Platelet-rich plasma and platelet gel: a review

Abstract

Strategies to reduce blood loss and transfusion of allogeneic blood products during surgical procedures are important in modern times. The most important and well-known autologous techniques are preoperative autologous predonation, hemodilution, perioperative red cell salvage, postoperative wound blood autotransfusion, and pharmacologic modulation of the hemostatic process. At present, new developments in the preparation of preoperative autologous blood component therapy by whole blood platelet-rich plasma (PRP) and platelet-poor plasma (PPP) sequestration have evolved. This technique has been proven to reduce the number of allogeneic blood transfusions during open heart surgery and orthopedic operations. Moreover, platelet gel and fibrin sealant derived from PRP and PPP mixed with thrombin, respectively, can be exogenously applied to tissues to promote wound healing, bone growth, and tissue sealing. However, to our disappointment, not many well-designed scientific studies are available, and many anecdotic stories exist, whereas questions remain to be answered. We therefore decided to study perioperative blood management in more detail with emphasis on the application and production of autologous platelet gel and the use of fibrin sealant. This review addresses a large variety of aspects relevant to platelets, platelet-rich plasma, and the application of platelet gel. In addition, an overview of recent animal and human studies is presented.

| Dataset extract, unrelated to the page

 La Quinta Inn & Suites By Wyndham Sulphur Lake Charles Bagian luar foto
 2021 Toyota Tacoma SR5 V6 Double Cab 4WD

Conflict of interest statement

The senior author has stated that authors have reported no material, financial or other relationship with any healthcare-related business or other entity whose products or services are discussed in this paper.

Figures

Figure 1.

Schematic overview of a resting and activated platelet. Normally platelets are in a resting, nonactivated state. On activation (e.g., by thrombin), platelets change their shape with the development of pseudopods to promote platelet aggregation and subsequent release of granule content through the open canalicular system (GP, glycoprotein).

Figure 2.

The different cascade stages in hemostasis after tissue injury.

Figure 3.

Schematic illustration of the role of PDGFs (numbers indicate the sequence of actions) during the different stages of the wound healing process (VEGF, vascular endothelial growth factor).

Figure 4.

Graphical representation of a bioengineered bone graft with PG. Sequestered autologous bone chips are mixed with PRP and thrombin. The result is a bone graft that is enriched with a high concentration of platelets releasing their growth factors. Because of the viscous PG, the bone chips will stick together, thus avoiding migration of bone particles.

Figure 5.

Diagram showing the mechanism by which PGF binds to the tyrosine kinase receptor. Extracellular PGF receptor binding results in intracellular signalling transmission to the cell nucleus.